# Worth taking on the wife for?



## damacl6 (Aug 15, 2011)

So I have been lbs shopping and have found one I really like. They sell GT and Felt. Now I went in yesterday with a agreed on budget with my wife of $1k. Not a lot I know, but I am a pure beginner with a family to feed. I am going in tomorrow to ride a few, and if I find "the one" will put it on layaway then get it after the family gets back from Disney World Next month. The guy at the shop who was great, showed me a Felt z95, which I had in mind when I went in since it's in the price range and I have read good things about it. Great, I will try it out. 

He then jumped to the GT GTR srs 1 which has an Ultegra group set. I immediately thought he missed the talk of my budget. He quickly explains he could give it to me for $1149. This sounds great, but I would also need pedals and shoes which I assume will add a few hundred more dollars to the price. So he wants me to look at a $899 bike and a $14-1500 bike. Thoughts on trying the srs 1 out and if I really like it trying to convince the wife the extra money will be well spent?

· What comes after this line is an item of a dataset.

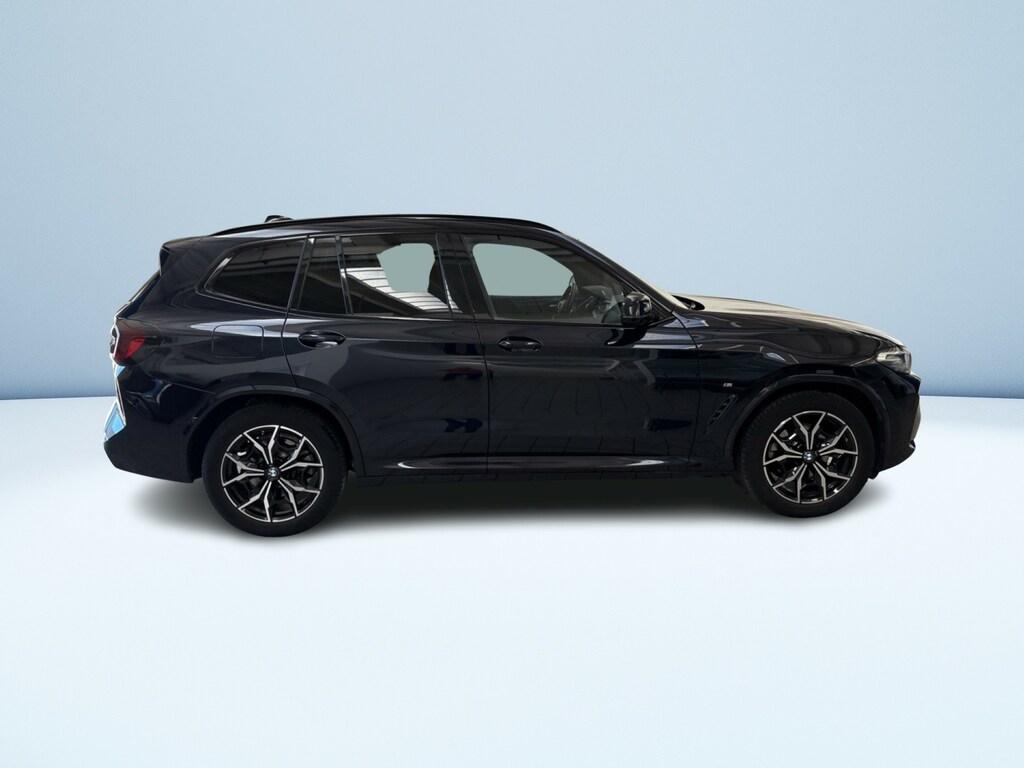 BMW X3 xdrive20d mhev 48V Msport auto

Is the srs 1 a better enough bike than the z95 that some one totally inexperienced on road bikes would notice a huge difference? Trying to spend an extra $600 right after a $12000+ family vacation would be a hella hard sell. In your opinions, would the GTR srs 1 be better enough to even go down that road with the love of my life?


----------



## squiddy (Oct 30, 2011)

Stick to your budget. The same thing happened to me at nearly every bike shop I visited. I was constantly upsold, saying for just a little more you're getting a much better bike.. Well that may be true, but unless you realize that's applicable at almost every level, you'll keep getting upsold, as I did.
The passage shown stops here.